La manifestation organisée hier par la fédération de l’ameublement, à l’occasion des obsèques de l’ébéniste Henri Cler, mort, comme nous l’avons raconté, des suites d’une blessure reçue au cours d’une bagarre survenue le 13 juin dernier au faubourg Saint-Antoine, entre des grévistes et la police, a provoqué des incidents très violents. Des coups de feu ont été tirés à plusieurs reprises sur les agents, et après plusieurs bagarres et collisions sanglantes, les hauts fonctionnaires de la police ont dû faire faire les sommations légales et commander à la cavalerie de charger les manifestants.

Carte postale cartoliste

Au moment de la levée-du corps, vers trois heures et demie, il y avait aux abords du domicile du défunt, 127, faubourg Saint-Antoine, une foule énorme. Le square Trousseau, situé non loin de là, avait été envahi par les délégations syndicales groupées autour de leurs bannières et drapeaux.
Les militants les plus connus de la C. G. T. et de l’Union des syndicats se trouvaient au milieu de cette masse, d’où montaient par instants les refrains de Internationale. Les commissaires de l’Union des syndicats eurent, beaucoup de peine à frayer un passage au corbillard, derrière lequel marchait le fils du défunt, soldat dans un régiment de l’Est. Mais c’est à dessein qu’on n’avait laissé aucun agent au milieu de cette foule compacte et hostile.
Sur le cercueil, on avait déposé une couronne d’immortelles rouges, portant cette inscription « A notre camarade, victime de l’ordre social » et épingle l’affiche illustrée que le dessinateur révolutionnaire Grandjouan avait composée pour l’Union des syndicats au lendemain des événements de Vigneux-Draveil, et représentant M. Briand vêtu de la simarre rouge du garde des sceaux et chargeant au milieu des dragons. Cette affiche est intitulée « Les victoires de la troisième République. »

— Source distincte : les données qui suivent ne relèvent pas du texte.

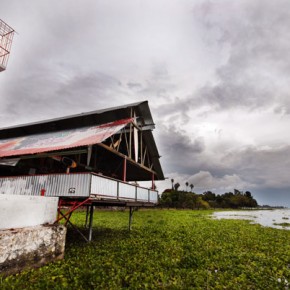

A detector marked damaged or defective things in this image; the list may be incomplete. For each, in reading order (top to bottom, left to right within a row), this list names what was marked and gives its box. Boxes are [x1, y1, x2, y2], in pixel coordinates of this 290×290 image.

rusted roof panel [0, 118, 131, 159]
rusty metal sheet [0, 118, 133, 159]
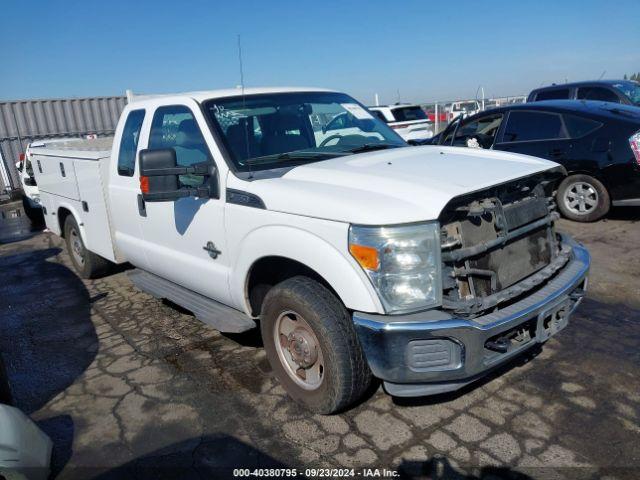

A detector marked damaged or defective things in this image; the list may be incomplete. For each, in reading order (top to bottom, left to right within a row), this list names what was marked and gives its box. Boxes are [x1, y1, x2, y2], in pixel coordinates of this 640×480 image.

cracked pavement [0, 203, 636, 480]
damaged front bumper [350, 233, 592, 398]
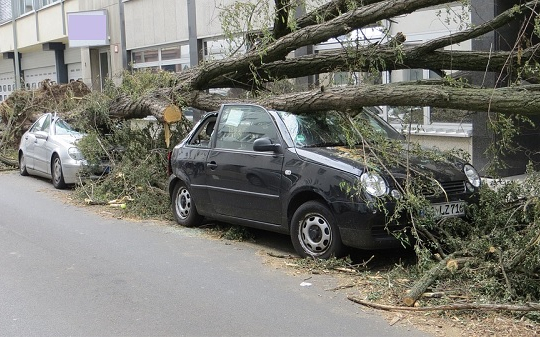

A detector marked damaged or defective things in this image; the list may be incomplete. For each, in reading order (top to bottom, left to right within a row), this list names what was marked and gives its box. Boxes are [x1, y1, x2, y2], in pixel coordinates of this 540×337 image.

crushed black car [166, 102, 480, 258]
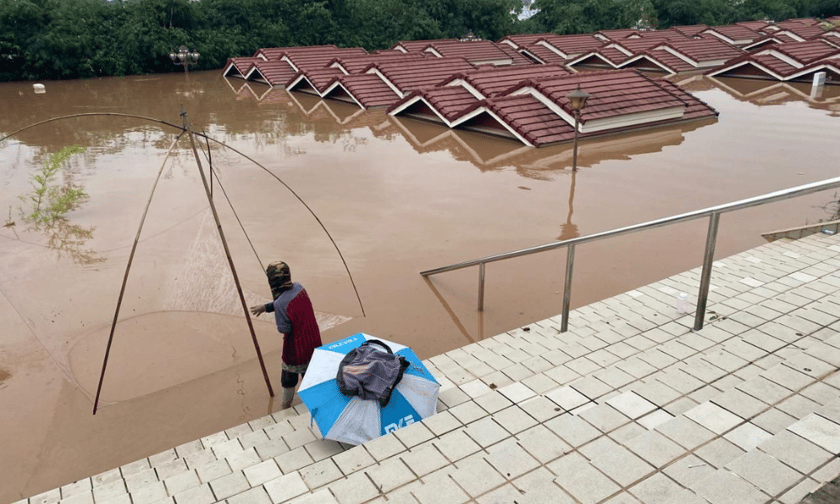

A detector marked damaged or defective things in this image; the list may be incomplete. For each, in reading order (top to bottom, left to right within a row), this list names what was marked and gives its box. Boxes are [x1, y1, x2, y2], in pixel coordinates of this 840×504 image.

bent pole [184, 110, 276, 398]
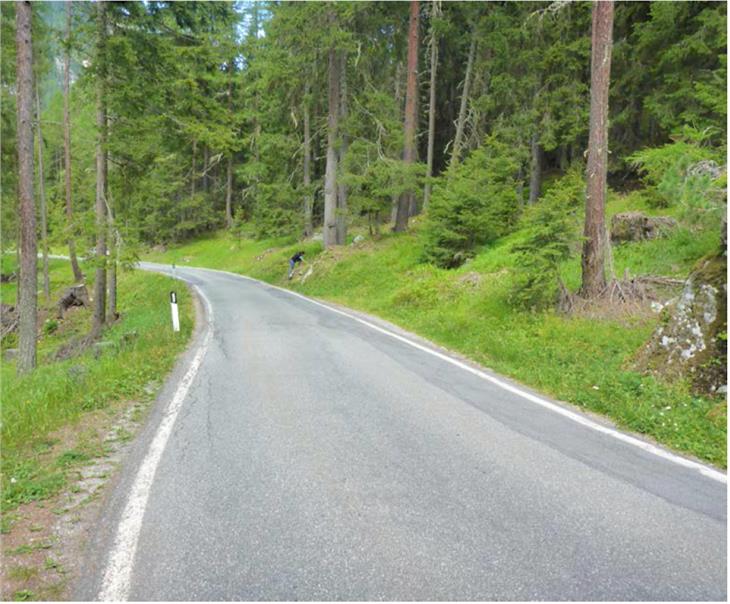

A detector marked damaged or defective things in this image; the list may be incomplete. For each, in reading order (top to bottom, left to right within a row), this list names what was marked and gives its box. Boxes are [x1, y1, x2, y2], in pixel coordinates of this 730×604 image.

cracked asphalt [77, 266, 724, 600]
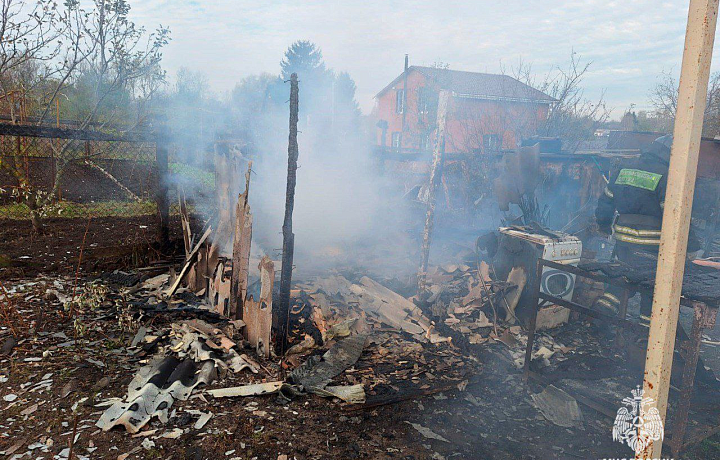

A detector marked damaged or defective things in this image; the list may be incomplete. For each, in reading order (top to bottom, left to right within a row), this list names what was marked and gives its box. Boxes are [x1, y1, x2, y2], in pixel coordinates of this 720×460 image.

burnt roofing material [374, 65, 556, 103]
standing charred beam [276, 72, 298, 354]
standing charred beam [416, 90, 450, 294]
burned furniture [524, 258, 720, 456]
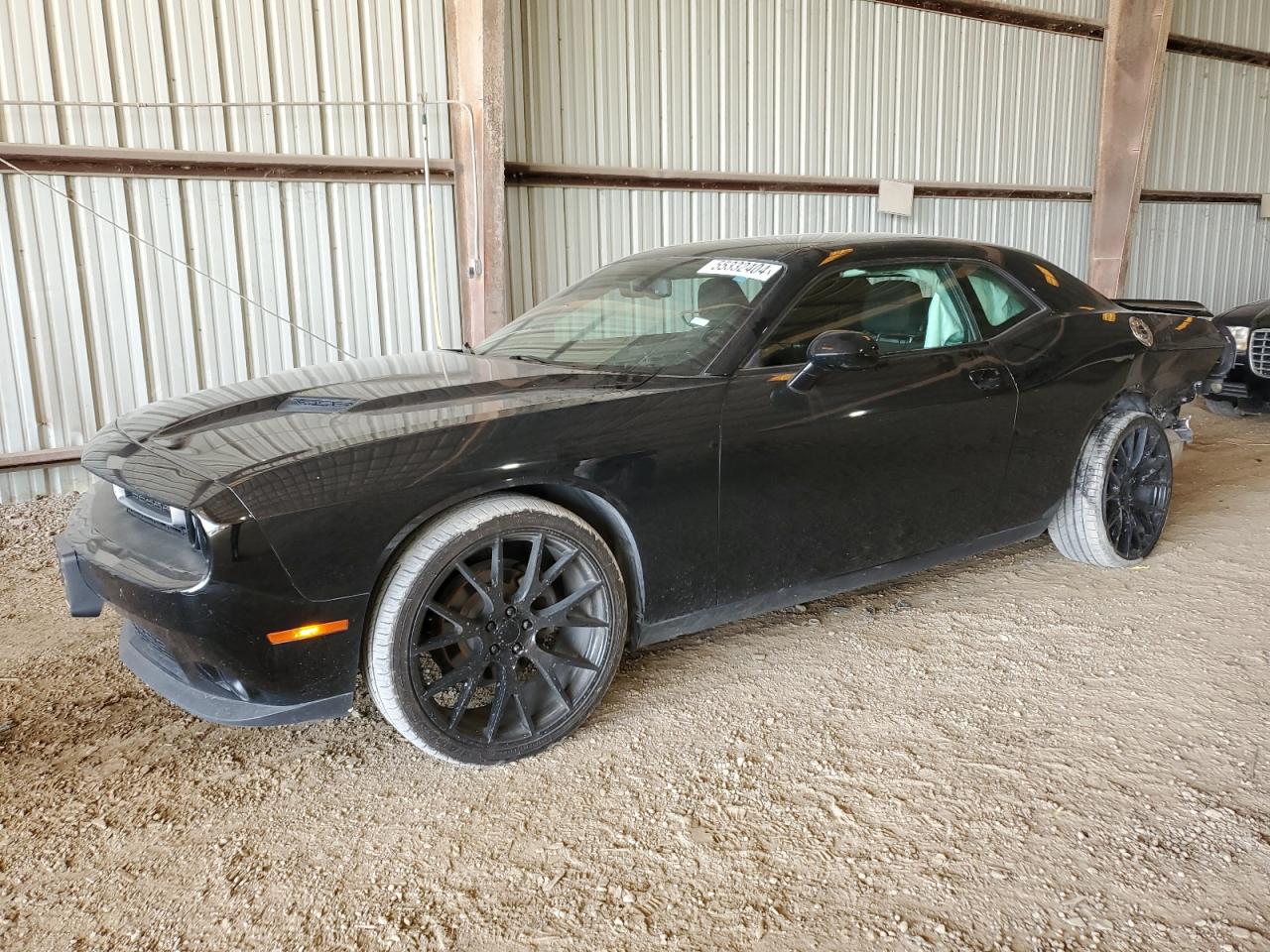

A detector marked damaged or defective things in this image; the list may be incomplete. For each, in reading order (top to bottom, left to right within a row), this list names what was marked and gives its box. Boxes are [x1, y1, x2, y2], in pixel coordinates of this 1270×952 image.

En tête du cortège, une femme portait un drapeau rouge sans inscription, cravaté de crêpe, et un jeune homme brandissait le drapeau noir des « Jeunesses révolutionnaires ».

Carte postale cartoliste

On avançait très lentement, bien que la circulation de tous les véhicules eût été suspendue dans le faubourg. On sentait dans la foule grandir l’effervescence. Les cris se croisaient. On interpellait les locataires qui se penchaient aux fenêtres des maisons, et dont quelques-uns agitaient des drapeaux rouges.

Un premier incident se produisit devant le poste de police du quartier Sainte-Marguerite, à l’angle de la rue de Montreuil et du Faubourg Saint-Antoine. L’agent Vidal, de planton à la porte, insulté menacé et même frappé par des énergumènes, dut se mettre à l’abri dans le poste, dont les vitres volèrent bientôt en éclats.

Devant les ateliers d’ébénisterie de MM. Sanyas et Popot, des cris furent poussés, parce que la bagarre au cours de laquelle Henri Cler fut blessé avait été provoquée par des perturbateurs qui entendaient par là « soutenir n les ouvriers de cette maison en grève. Là, comme ils voulaient intervenir, une dizaine de gardiens de la paix furent lapidés, et trois coups de revolver éclatèrent.
Cependant le cortège, qui ne comprenait pas moins de quatre à cinq mille personnes, s’engageait dans l’avenue Philippe-Auguste, flanqué à distance par des agents et suivi par des dragons.
Sur le boulevard de Belleville, les musiques des baraques foraines durent se taire pendant que le corbillard passait. Au n° 33, un industriel grimpé sur un échafaudage ayant été pris à partie par un manifestant, le chantier où il se trouvait fut envahi par une bande de syndiqués. Mais une trentaine de gardiens de la paix arrivèrent aussitôt, et à coups de plat de sabre chassèrent les intrus, tandis que deux coups.de feu retentissaient.
A partir de ce moment, les incidents se multiplient. Place du Combat, un gardien de la paix reçoit un pot à lait sur la tête. A l’angle de la rue de Meaux et du boulevard de la Villette, un autre, qui est monté sur un tramway de l’Est-Parisien pour aller prendre son service, est sommé de se découvrir et de mettre pied à terre. On l’invective.
On le menace. Un individu tire sur lui un coup de pistolet et s’éclipse. La scène s’aggraverait encore, si une vingtaine de gardiens de la paix du 20e n’accouraient et ne châtiaient les énergumènes.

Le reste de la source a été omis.